In comparison, GCC uses a size segregated allocator (malloc). Since nodes have the same size, they will be placed in the same region, resulting in a similar pattern as with bump pointer allocation, with nodes laid out in insertion order. When profiling the iteration, we found that GCC actually executed fewer instructions than OpenJDK, but was still slower. In the tight loop iteration, the bucket GCC took only 5 assembly instructions compared to OpenJDK’s 11.
This behavior presents the unintuitive case where the more frequently GC is performed, the better the performance. Figure 4 shows that with more frequent GC cycles, objects are re-ordered in memory more often, leading to improved performance. We control the frequency of GC by using different heap sizes. The larger the heap, the fewer GC cycles. When it is 128 GB, performance is the worst because GC is never triggered; objects are never moved, so there is no locality.
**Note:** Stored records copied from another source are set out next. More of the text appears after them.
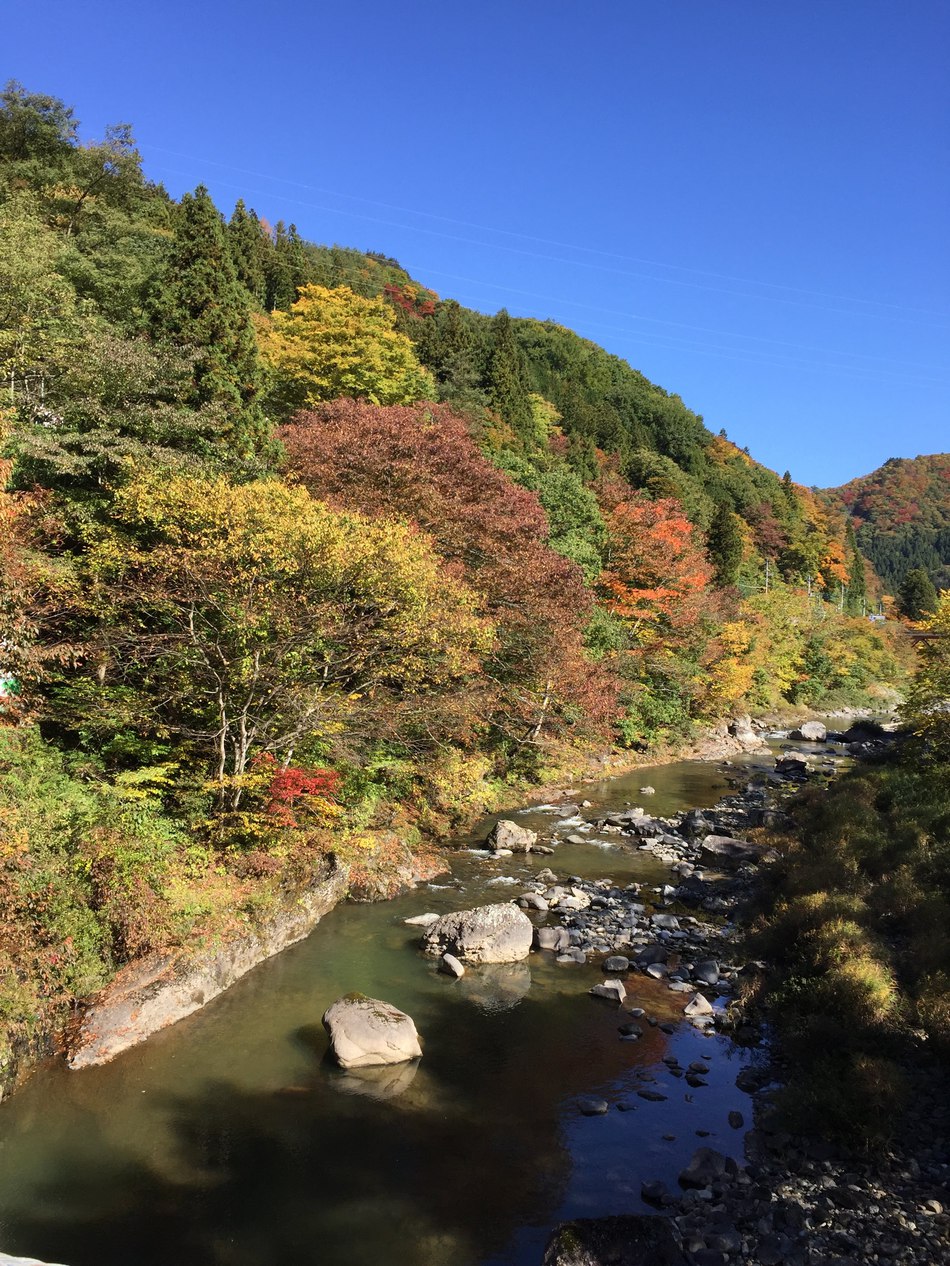 秋の利根川
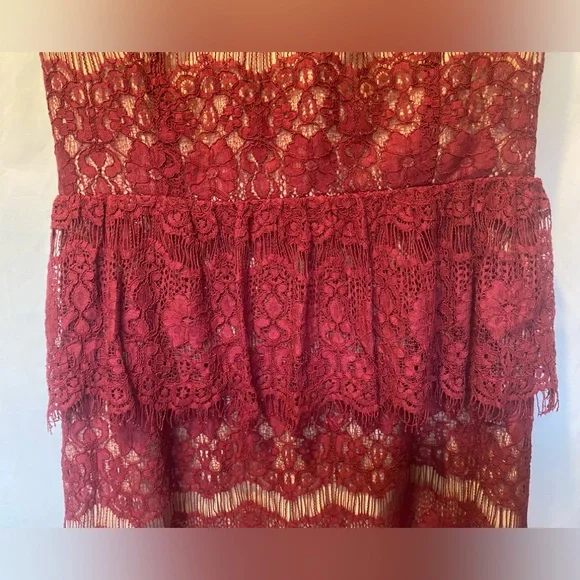 Anthropologie Elsa Peplum Dress Burgundy Lace Size SMALL - Picture 6 of 12
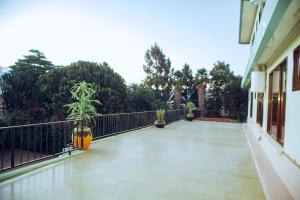 a balcony with potted plants and a fence at MBEYA PARADISE INN in Mbeya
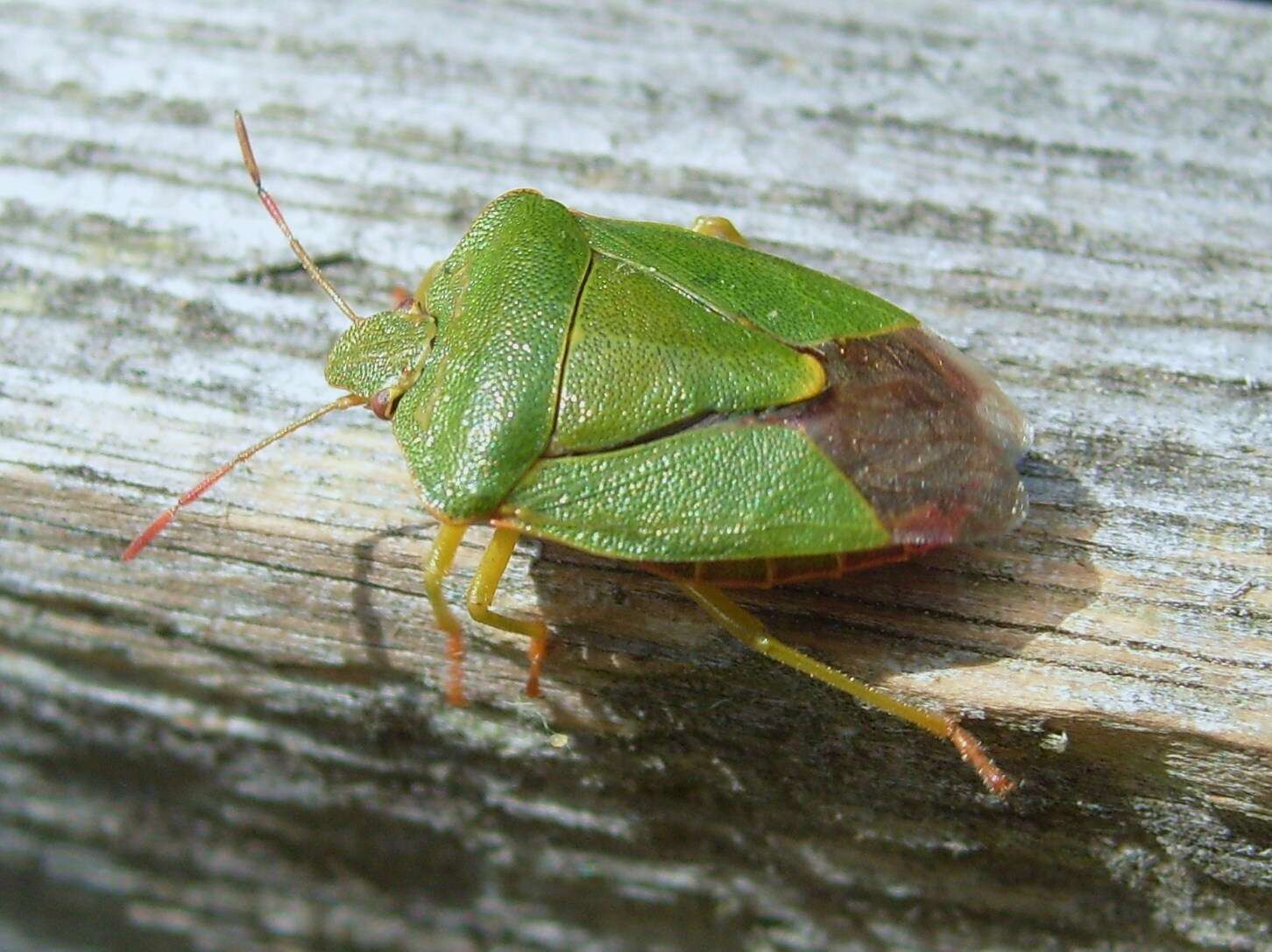 Image of Green shield bug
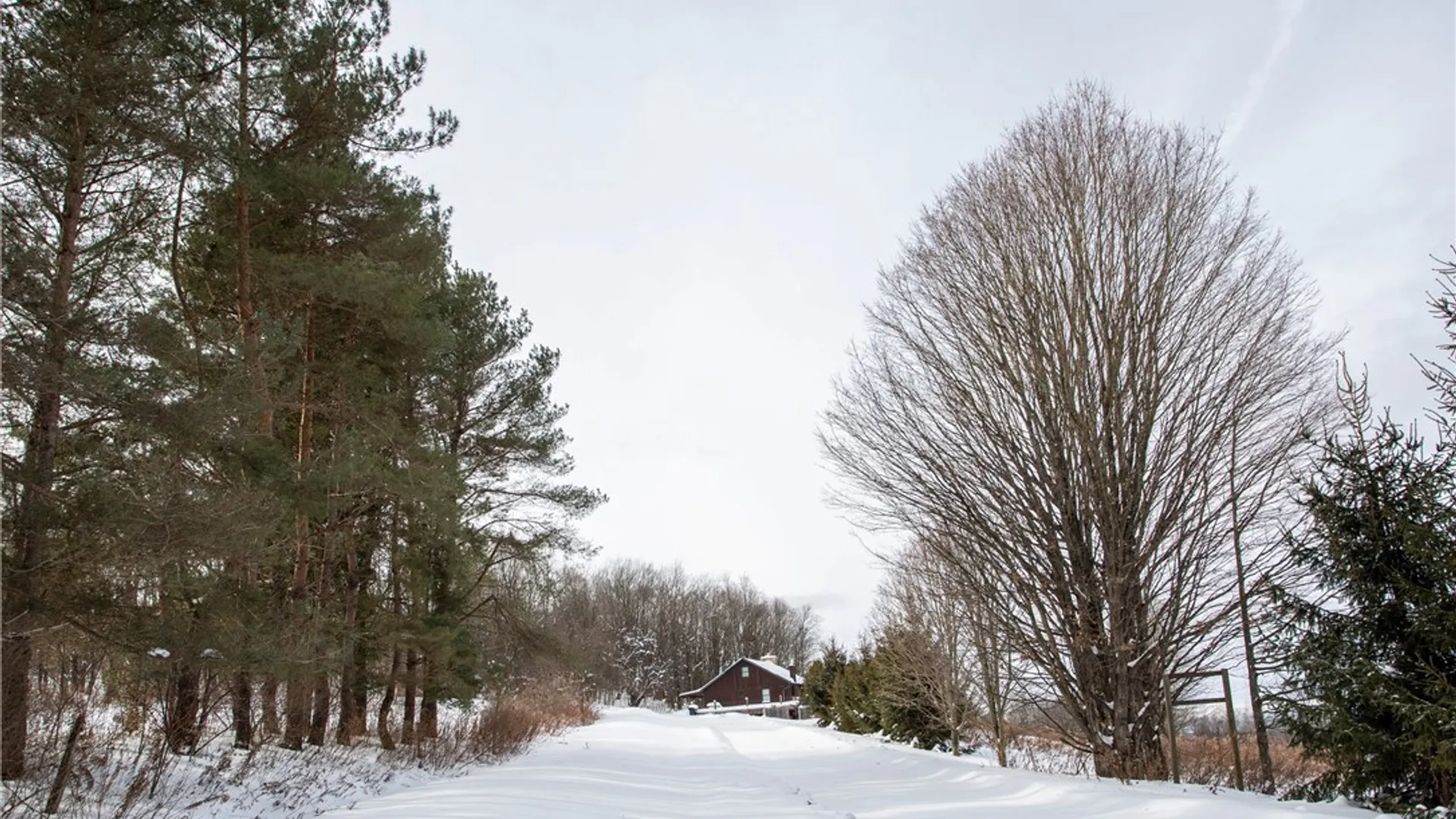 Property at 8397 Rohr Hill Road, East Otto, NY 14729 3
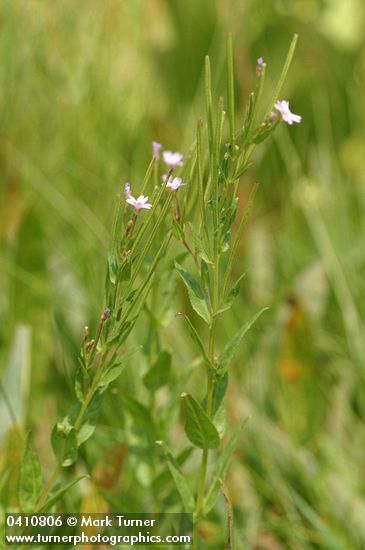 Epilobium ciliatum ssp. glandulosum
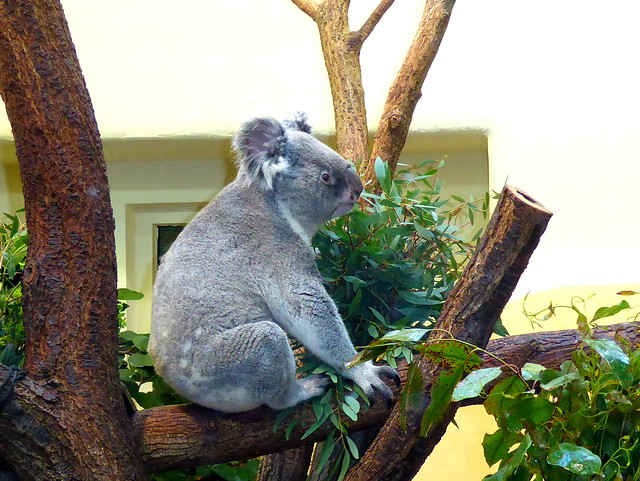 der Koala macht gerade eine Fresspause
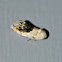 Small Bird Dropping Moth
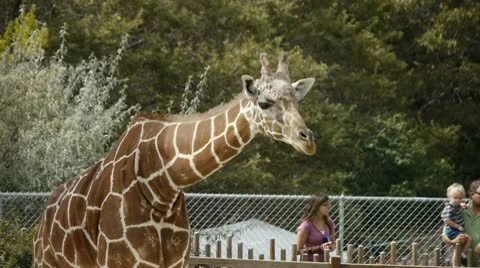 Giraffe 2 Vidéo 8841742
Graph coloring. We found OpenJDK outperformed GCC (by 1.37x) on graph coloring, when the C++ program uses the standard library. Our investigation showed that GC had a similar effect as for the key-value benchmark given that graph coloring also uses a hash table. Both hash table implementations on OpenJDK (HashMap and HashSet) and C++’s standard libraries (std::unordered_set and std::unordered_map) use an open hashing design; i.e., it uses separate chaining to connect the elements in a linked list upon collision. As a result, both GCC and OpenJDK suffer from poor locality initially. However, OpenJDK quickly gains locality through GC, as with the key-value store benchmark. We optimized our C++ benchmark by switching to hashtable implementations from Google’s Abseil library [2], which uses a closed hashing implementation that achieves better locality.
In the multithreaded key-value store implementation, Go has a 1.02x speedup compared to GCC, despite being 1.16x slower than GCC in the single threaded version. Go outperforms GCC by avoiding 2.2 million context switches through the use of asynchronous networking I/O and significantly fewer kernel threads. With GCC, network I/O is performed using synchronous system calls, blocking the kernel thread, resulting in a context switch. When goroutines perform I/O, the work is offloaded to an internal goroutine which uses asynchronous system calls. A goroutine performing I/O is blocked by Go’s scheduler, but the underlying kernel thread is not blocked; instead, Go schedules another goroutine on the same kernel thread. As a result, Go only uses at most 42 kernel threads, regardless of the number of concurrent client threads.
To read a file in the file server benchmark in C++, we initially used the more general, idiomatic approach which uses iterators. This results in repeated fixed size read system calls. Unlike C++, all the managed runtimes abstract away the low-level system call interfaces when performing I/O, so that they can transparently issue system calls in an optimal way, by first calling fstat to get the file size, followed by a single read for its entire contents. All runtimes use this approach. So any developer using the runtimes will benefit from the optimizations without any burden of knowledge. In comparison, we have to manually optimize our C++ implementation to switch to fstat and read, leading to a 2x speedup.